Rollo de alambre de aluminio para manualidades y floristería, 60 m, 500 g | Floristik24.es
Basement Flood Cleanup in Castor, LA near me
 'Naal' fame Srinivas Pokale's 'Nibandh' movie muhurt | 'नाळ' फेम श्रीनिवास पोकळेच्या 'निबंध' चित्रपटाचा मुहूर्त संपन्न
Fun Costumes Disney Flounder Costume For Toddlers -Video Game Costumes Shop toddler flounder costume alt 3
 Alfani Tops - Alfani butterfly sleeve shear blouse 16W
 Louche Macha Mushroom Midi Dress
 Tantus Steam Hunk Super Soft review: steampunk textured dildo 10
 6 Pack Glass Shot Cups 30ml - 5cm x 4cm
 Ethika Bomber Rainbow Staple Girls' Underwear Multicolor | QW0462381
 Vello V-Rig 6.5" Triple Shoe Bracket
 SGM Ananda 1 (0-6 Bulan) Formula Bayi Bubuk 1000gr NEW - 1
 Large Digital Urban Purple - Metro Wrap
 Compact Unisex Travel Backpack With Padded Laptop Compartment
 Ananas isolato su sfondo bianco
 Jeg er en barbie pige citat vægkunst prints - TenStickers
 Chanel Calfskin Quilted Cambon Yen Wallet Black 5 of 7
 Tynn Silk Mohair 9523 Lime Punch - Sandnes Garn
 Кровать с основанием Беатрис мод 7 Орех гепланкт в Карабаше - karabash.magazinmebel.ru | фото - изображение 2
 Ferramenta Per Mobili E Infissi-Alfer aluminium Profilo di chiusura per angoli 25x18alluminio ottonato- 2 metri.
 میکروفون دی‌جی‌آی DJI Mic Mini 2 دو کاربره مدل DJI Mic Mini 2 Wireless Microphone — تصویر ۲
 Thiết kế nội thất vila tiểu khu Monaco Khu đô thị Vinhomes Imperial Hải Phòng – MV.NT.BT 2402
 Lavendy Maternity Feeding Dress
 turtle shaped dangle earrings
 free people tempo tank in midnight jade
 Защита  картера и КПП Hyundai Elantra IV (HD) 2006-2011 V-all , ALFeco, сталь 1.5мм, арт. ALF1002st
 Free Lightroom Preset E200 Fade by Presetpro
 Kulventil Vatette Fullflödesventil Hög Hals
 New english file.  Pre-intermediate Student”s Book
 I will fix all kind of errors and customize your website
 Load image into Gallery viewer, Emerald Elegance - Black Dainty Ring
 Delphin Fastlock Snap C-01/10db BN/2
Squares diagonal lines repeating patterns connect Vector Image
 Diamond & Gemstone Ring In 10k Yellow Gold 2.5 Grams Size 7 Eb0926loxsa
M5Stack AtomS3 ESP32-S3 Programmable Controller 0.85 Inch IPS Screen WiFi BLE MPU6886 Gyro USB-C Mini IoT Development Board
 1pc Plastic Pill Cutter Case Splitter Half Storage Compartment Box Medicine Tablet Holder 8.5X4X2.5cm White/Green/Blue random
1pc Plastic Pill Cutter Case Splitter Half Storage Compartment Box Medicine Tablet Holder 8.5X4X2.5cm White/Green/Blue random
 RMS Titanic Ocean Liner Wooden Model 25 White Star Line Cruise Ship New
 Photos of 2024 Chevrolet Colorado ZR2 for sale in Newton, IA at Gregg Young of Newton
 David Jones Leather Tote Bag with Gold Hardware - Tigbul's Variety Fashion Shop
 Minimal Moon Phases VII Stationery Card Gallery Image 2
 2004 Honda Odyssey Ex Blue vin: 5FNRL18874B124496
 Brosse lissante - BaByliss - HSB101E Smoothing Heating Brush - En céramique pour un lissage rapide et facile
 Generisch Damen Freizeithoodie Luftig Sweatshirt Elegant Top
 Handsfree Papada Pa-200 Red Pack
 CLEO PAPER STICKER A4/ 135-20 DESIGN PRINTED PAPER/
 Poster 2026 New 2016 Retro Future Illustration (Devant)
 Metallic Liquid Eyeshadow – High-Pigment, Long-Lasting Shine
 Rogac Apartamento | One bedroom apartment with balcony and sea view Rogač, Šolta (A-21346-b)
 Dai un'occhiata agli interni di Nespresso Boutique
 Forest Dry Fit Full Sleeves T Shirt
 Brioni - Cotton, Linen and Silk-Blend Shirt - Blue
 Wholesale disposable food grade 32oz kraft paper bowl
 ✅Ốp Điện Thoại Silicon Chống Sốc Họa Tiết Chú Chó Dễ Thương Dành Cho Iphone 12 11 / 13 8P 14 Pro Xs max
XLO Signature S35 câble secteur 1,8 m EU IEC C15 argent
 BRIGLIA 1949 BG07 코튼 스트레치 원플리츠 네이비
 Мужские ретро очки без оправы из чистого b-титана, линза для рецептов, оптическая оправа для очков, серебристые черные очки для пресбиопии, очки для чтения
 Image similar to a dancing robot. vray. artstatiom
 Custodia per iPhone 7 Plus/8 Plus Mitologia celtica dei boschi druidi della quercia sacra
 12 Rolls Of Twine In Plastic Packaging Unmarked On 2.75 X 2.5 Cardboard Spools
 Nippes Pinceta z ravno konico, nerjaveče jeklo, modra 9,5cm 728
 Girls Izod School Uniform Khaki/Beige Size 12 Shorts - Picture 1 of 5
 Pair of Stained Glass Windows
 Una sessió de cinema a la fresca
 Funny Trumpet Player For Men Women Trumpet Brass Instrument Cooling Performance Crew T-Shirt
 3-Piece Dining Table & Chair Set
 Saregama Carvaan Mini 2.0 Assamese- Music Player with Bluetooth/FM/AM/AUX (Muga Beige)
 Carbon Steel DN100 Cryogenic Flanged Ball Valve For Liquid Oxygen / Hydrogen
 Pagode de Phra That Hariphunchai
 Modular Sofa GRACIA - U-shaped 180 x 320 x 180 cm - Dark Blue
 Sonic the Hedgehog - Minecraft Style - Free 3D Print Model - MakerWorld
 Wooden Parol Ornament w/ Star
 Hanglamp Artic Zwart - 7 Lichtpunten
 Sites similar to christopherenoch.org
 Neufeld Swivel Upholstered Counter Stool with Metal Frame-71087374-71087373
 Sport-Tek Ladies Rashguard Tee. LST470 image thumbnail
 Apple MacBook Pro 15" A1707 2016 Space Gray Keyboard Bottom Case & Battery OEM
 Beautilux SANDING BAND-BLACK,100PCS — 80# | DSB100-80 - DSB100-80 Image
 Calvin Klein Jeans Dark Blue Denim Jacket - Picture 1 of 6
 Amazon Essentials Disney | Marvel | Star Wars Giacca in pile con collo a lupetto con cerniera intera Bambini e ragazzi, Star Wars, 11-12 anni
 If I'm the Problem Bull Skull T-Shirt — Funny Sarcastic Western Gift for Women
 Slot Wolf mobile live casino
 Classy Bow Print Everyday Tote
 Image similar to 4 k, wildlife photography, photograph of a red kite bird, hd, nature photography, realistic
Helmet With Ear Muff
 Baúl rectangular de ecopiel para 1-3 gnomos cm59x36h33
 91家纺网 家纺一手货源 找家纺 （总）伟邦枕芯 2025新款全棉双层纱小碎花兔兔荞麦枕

__Required work__: Go line by line through the material above and return each one that includes "Dark".

__Written response__:
 Modular Sofa GRACIA - U-shaped 180 x 320 x 180 cm - Dark Blue
 Calvin Klein Jeans Dark Blue Denim Jacket - Picture 1 of 6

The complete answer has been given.